Não somente as crônicas, os romances ou o jornalismo, mas a sua forma de ver o mundo, como você já afirmou, é marcada pelo humor. Como essa característica foi se consolidando durante sua formação e se tornou uma “marca” nos seus textos? Há um lado negativo ou um cuidado que tome com essa característica?

Acho que faz parte de uma forma de enxergar o mundo, prestando atenção em detalhes ínfimos e coisas curiosas. Sempre resisti em deixar isso pra trás, ainda que não seja uma característica literária muito respeitada.

Noites de alface também narra o cotidiano de um casal, banalidades que vão formando um mundo particular. Essas miudezas do dia a dia também surgem na crônica. O que te atrai tanto no cotidiano?

Acho que é tão importante falar do cotidiano quanto de “grandes assuntos”, ele às vezes é muito mais revelador, muito mais complexo do que se poderia supor.

Você já criticou o “hábito de se levar muito a sério” na literatura, dizendo que ela “se valeria de maior leveza”. Em que autores você encontra essa leveza?

Até os autores considerados mais sérios têm momentos de leveza. Flaubert, por exemplo, escreveu Bouvard e Pécuchet, um livro inteiro de tolices. Guerra e Paz, de Tolstói, tem uma porção de cenas patéticas, de acontecimentos meio ridículos, e ele faz troça com o Napoleão Bonaparte. Penso também no Lawrence Sterne, no Lewis Carroll, no Julio Cortázar, e nos cronistas em geral, que vivem dessa aparente leveza.

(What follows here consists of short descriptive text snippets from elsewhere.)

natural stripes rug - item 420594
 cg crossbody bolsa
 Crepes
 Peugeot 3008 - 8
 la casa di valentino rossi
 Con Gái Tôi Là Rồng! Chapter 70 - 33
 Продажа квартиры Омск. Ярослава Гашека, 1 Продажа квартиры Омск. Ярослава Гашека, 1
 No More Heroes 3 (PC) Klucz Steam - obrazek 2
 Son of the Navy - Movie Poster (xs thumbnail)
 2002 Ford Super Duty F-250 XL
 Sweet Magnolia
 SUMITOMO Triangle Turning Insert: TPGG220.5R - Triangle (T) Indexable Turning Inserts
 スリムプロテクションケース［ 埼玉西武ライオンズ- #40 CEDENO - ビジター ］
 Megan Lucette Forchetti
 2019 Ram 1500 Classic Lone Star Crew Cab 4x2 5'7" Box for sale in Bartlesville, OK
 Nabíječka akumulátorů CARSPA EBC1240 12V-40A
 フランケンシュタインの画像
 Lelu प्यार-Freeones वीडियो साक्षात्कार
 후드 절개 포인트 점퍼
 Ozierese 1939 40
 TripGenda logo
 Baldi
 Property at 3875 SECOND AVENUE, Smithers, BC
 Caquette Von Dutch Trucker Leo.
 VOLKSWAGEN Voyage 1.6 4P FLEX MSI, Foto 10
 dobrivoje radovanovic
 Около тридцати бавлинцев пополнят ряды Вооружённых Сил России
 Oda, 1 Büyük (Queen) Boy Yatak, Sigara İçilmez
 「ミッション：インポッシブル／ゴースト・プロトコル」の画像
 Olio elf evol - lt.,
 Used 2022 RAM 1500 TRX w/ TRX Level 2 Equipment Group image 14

Tendo produzido roteiro para HQ, reportagens, crônicas e romances, há algum gênero em que se sinta mais confortável? E o que um texto precisa para te deixar satisfeita – ou o que é um bom texto?

Gosto de variar, mas acho que o meu preferido é a crônica mesmo. O texto precisa estar solto, com ritmo, sem solavancos. E não deve ser pretensioso.

A crônica seria um contraponto necessário aos tempos atuais, por não ter a obrigação de informar, por ser um texto que tem graça e lirismo? Ou ela pode incomodar, fazer o leitor se questionar?

Tem espaço para tudo na crônica, inclusive para ser sério com temas engraçados e fazer graça com coisas sérias.